Directions:
Each entry has to be given again in its exact wording, and no picture may appear in the result.

Collection entries
* * * * *
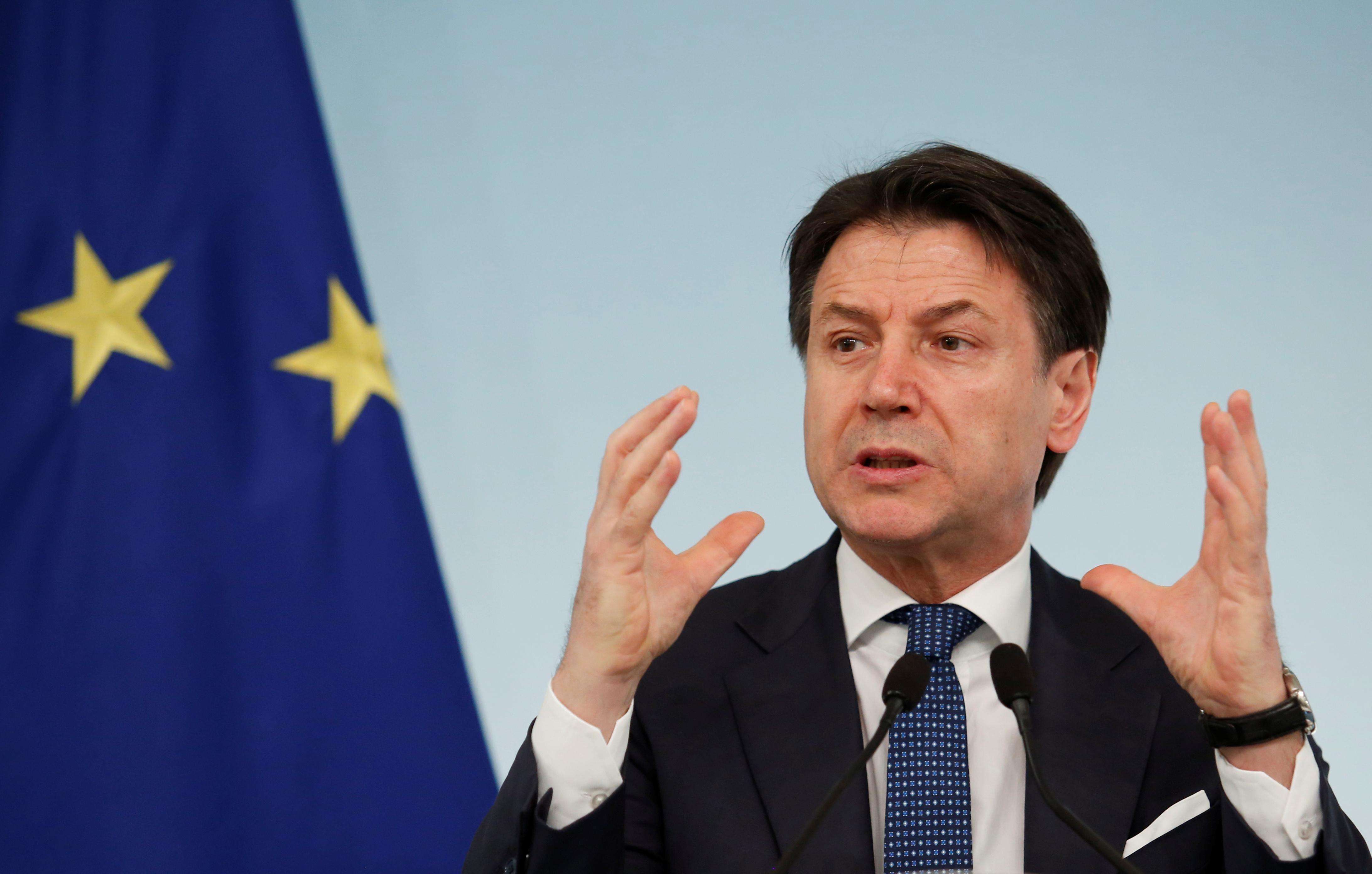 Itali: Hetime ndaj Contes për krizën e koronavirusit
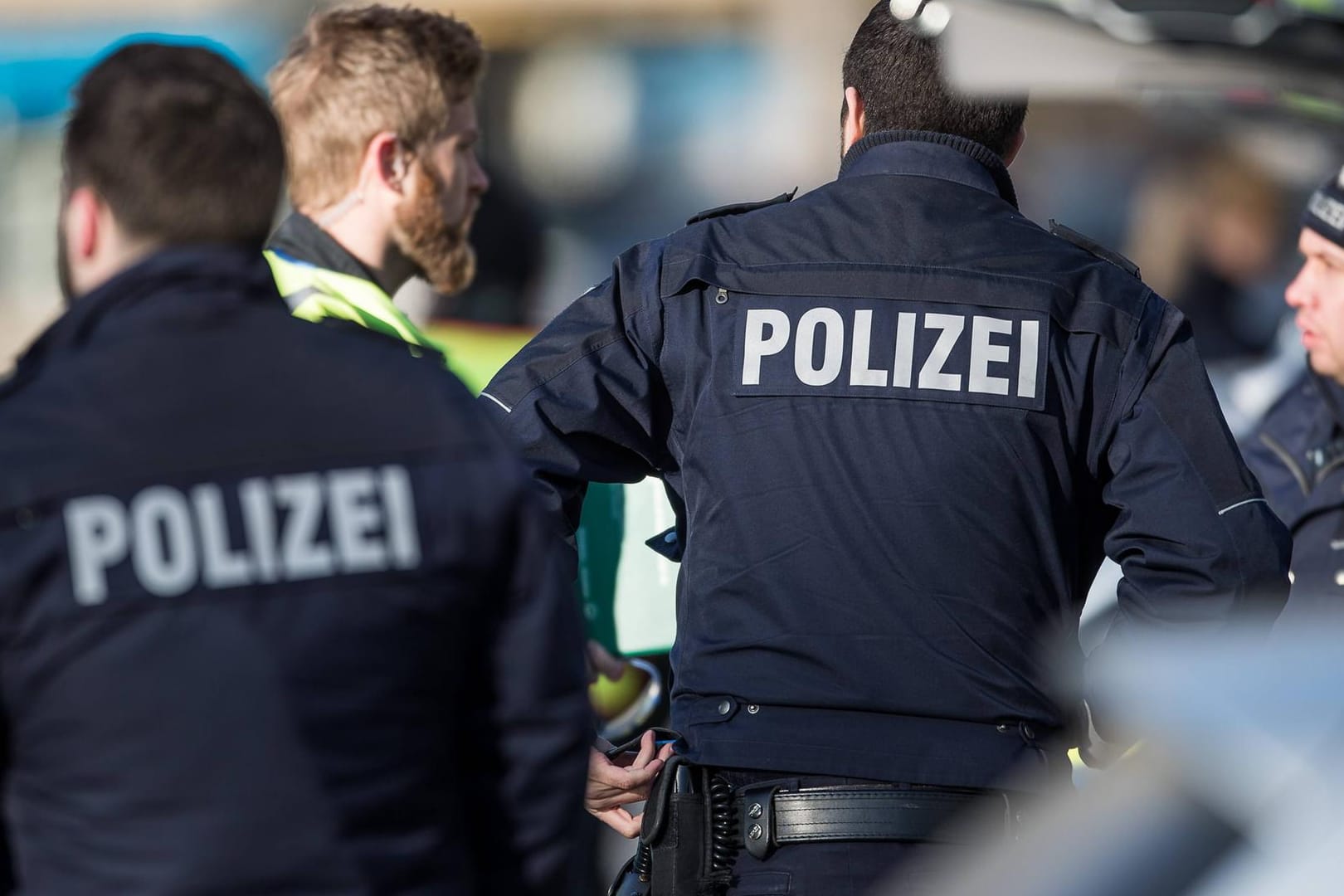 Mehrere Polizisten im Einsatz: In einem Neuköllner Einkaufscenter sticht ein 75-Jähriger Mann auf seine erwachsene Tochter mit einem Messer ein. Er wurde festgenommen.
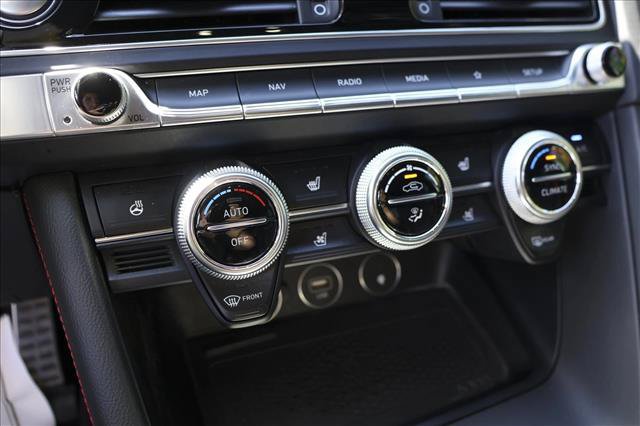 Used 2023 Genesis G70 2.0T w/ Sport Prestige Package AWD/4WD image 20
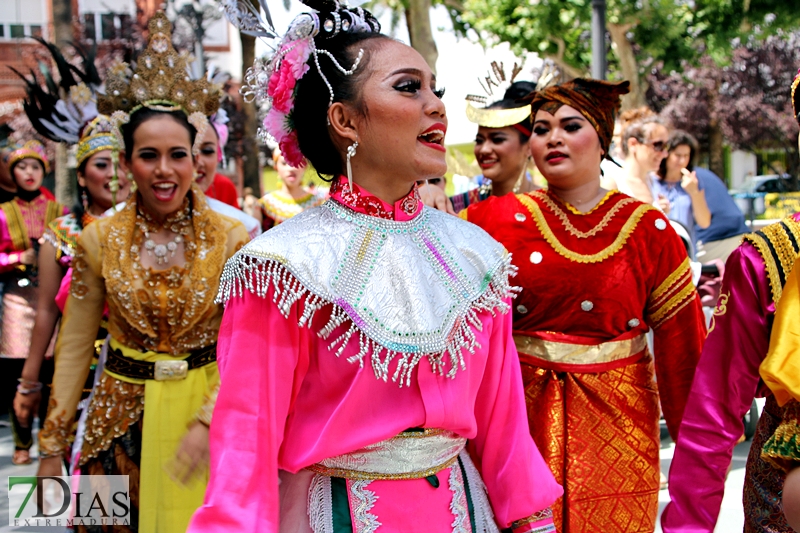 Imágenes del desfile del tradicional desfile del Festival Folclórico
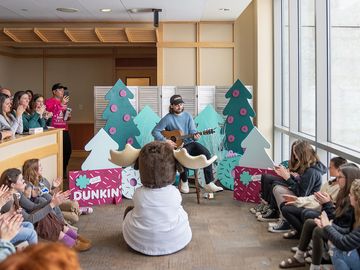 Dunkin’ Surprises Patients at the University of Vermont Children’s Hospital with Special Noah Kahan Appearance Dunkin’ Surprises Patients at the University of Vermont Children’s Hospital with Special Noah Kahan Appearance
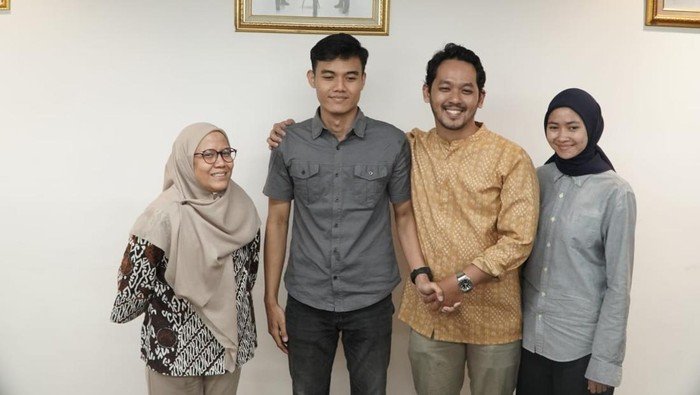 [Pihak KAI Tanggapi Viral Hilangnya Tumbler di KRL]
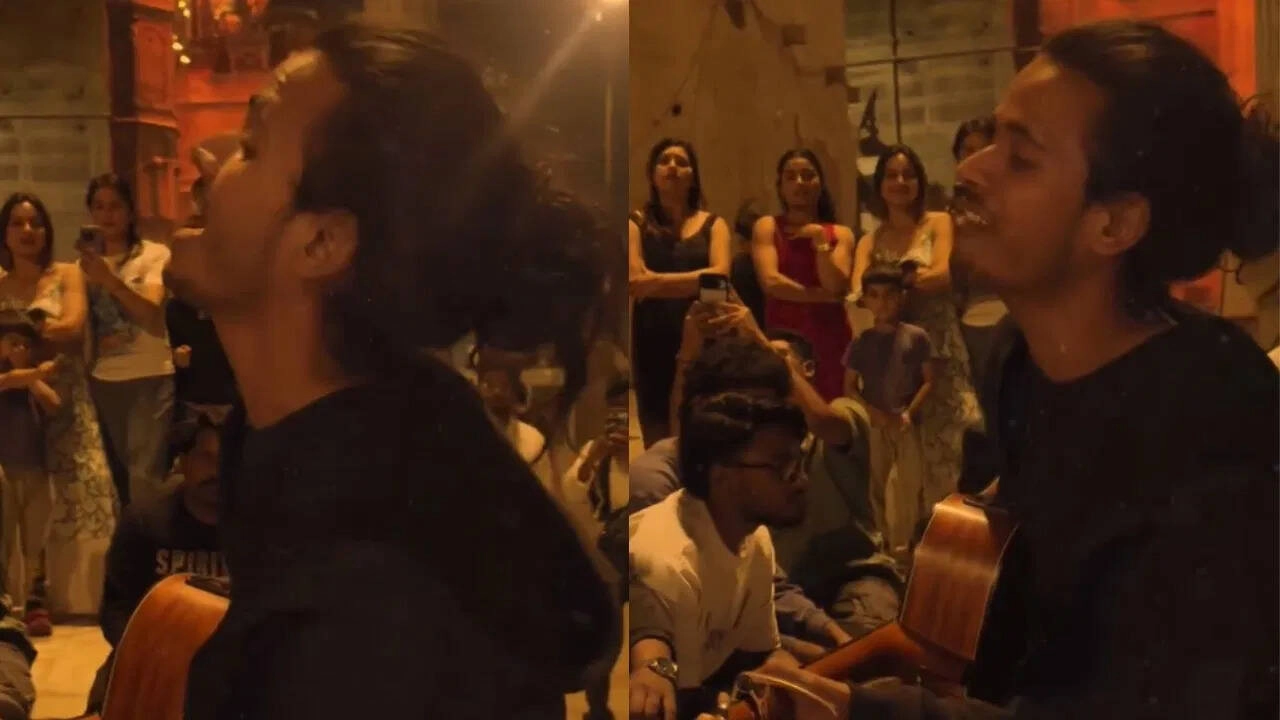 Magical Guitar and Voice at Varanasi Ghats: Viral Music Video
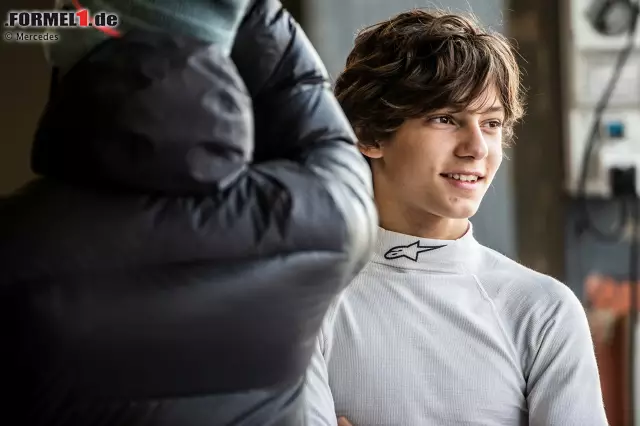 Foto zu den Nachrichten: Im Jahr 2019 hat Mercedes einen Teenager, Andrea Kimi Antonelli, in sein Jugendprogramm aufgenommen. Der Italiener ist erst 13 Jahre alt und war zunächst einige Saisons im Kartsport aktiv, hatte aber große Erfolge: Antonelli wurde mehrfach Europameister. Erst mit 16...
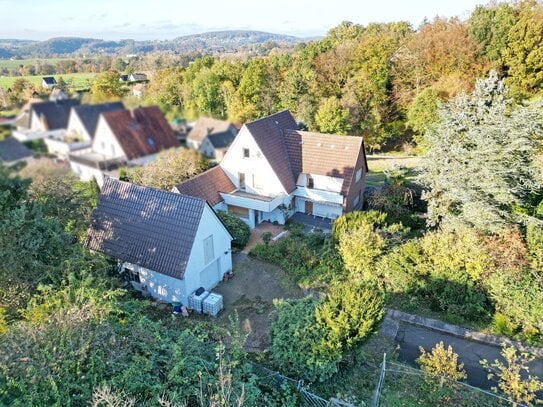 Ländlich gelegenes Ein- bis Zweifamilienhaus mit Doppelgarage, Nebengebäude und großem Garten in Vlotho-Valdorf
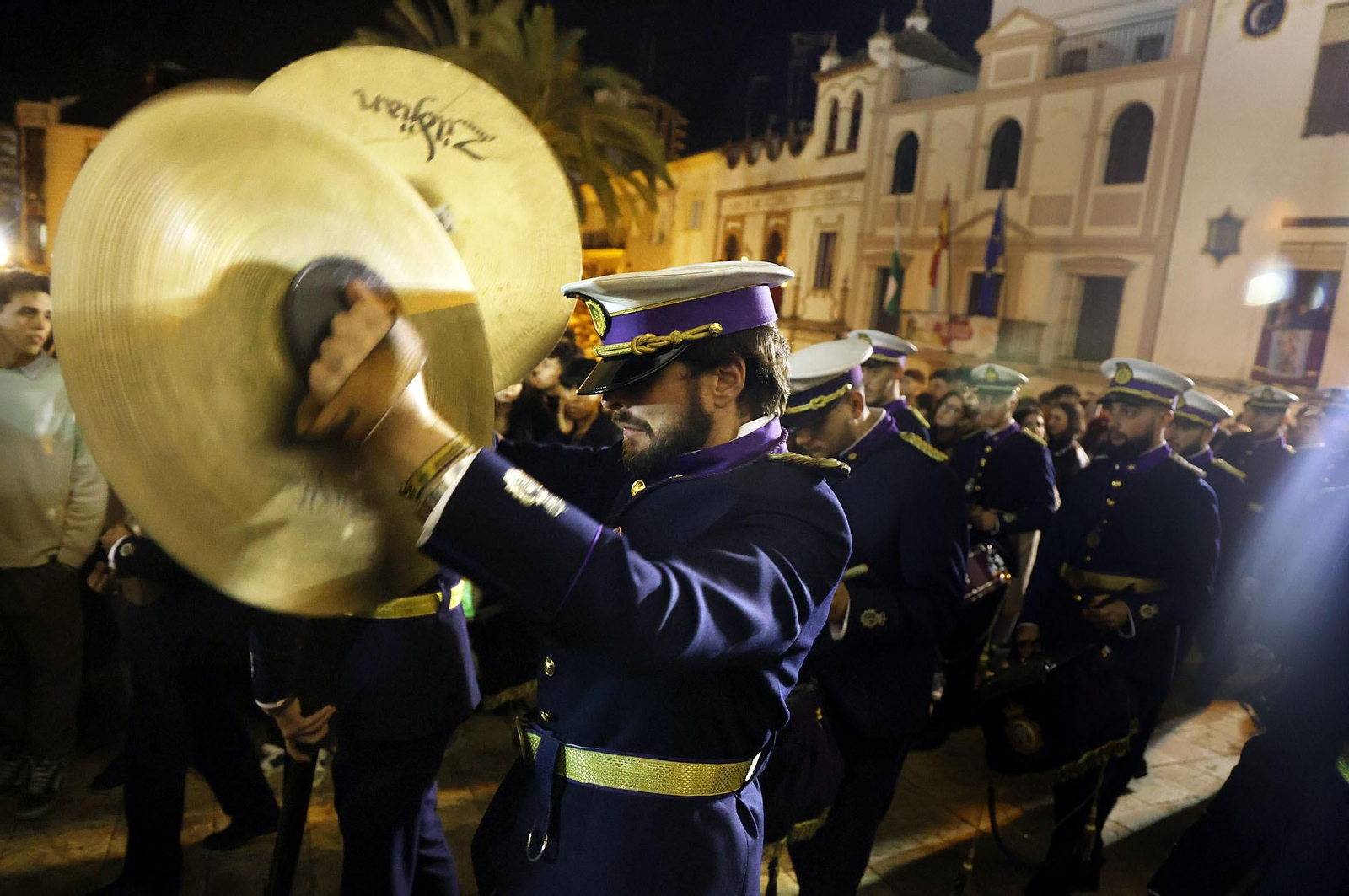Las mejores imágenes del Martes Santo en Huelva: Hermandad de Pasión
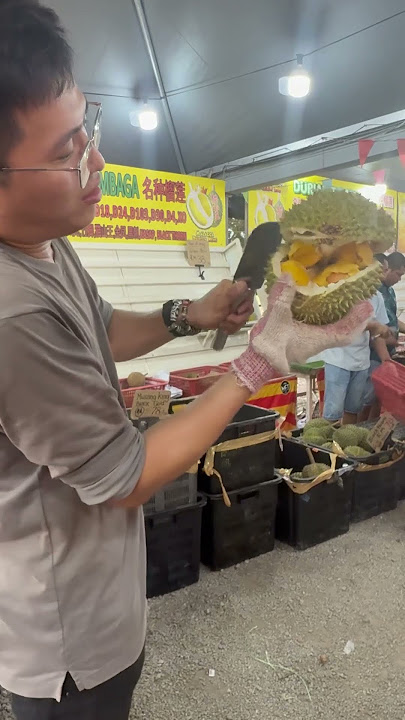 Unboxing fresh Durian MusangKing AA #malaccadurianheng #durianrider #viral #musangking #food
* * * * *
Solution:
 Itali: Hetime ndaj Contes për krizën e koronavirusit
 Mehrere Polizisten im Einsatz: In einem Neuköllner Einkaufscenter sticht ein 75-Jähriger Mann auf seine erwachsene Tochter mit einem Messer ein. Er wurde festgenommen.
 Used 2023 Genesis G70 2.0T w/ Sport Prestige Package AWD/4WD image 20
 Imágenes del desfile del tradicional desfile del Festival Folclórico
 Dunkin’ Surprises Patients at the University of Vermont Children’s Hospital with Special Noah Kahan Appearance Dunkin’ Surprises Patients at the University of Vermont Children’s Hospital with Special Noah Kahan Appearance
 [Pihak KAI Tanggapi Viral Hilangnya Tumbler di KRL]
 Magical Guitar and Voice at Varanasi Ghats: Viral Music Video
 Foto zu den Nachrichten: Im Jahr 2019 hat Mercedes einen Teenager, Andrea Kimi Antonelli, in sein Jugendprogramm aufgenommen. Der Italiener ist erst 13 Jahre alt und war zunächst einige Saisons im Kartsport aktiv, hatte aber große Erfolge: Antonelli wurde mehrfach Europameister. Erst mit 16...
 Ländlich gelegenes Ein- bis Zweifamilienhaus mit Doppelgarage, Nebengebäude und großem Garten in Vlotho-Valdorf
Las mejores imágenes del Martes Santo en Huelva: Hermandad de Pasión
 Unboxing fresh Durian MusangKing AA #malaccadurianheng #durianrider #viral #musangking #food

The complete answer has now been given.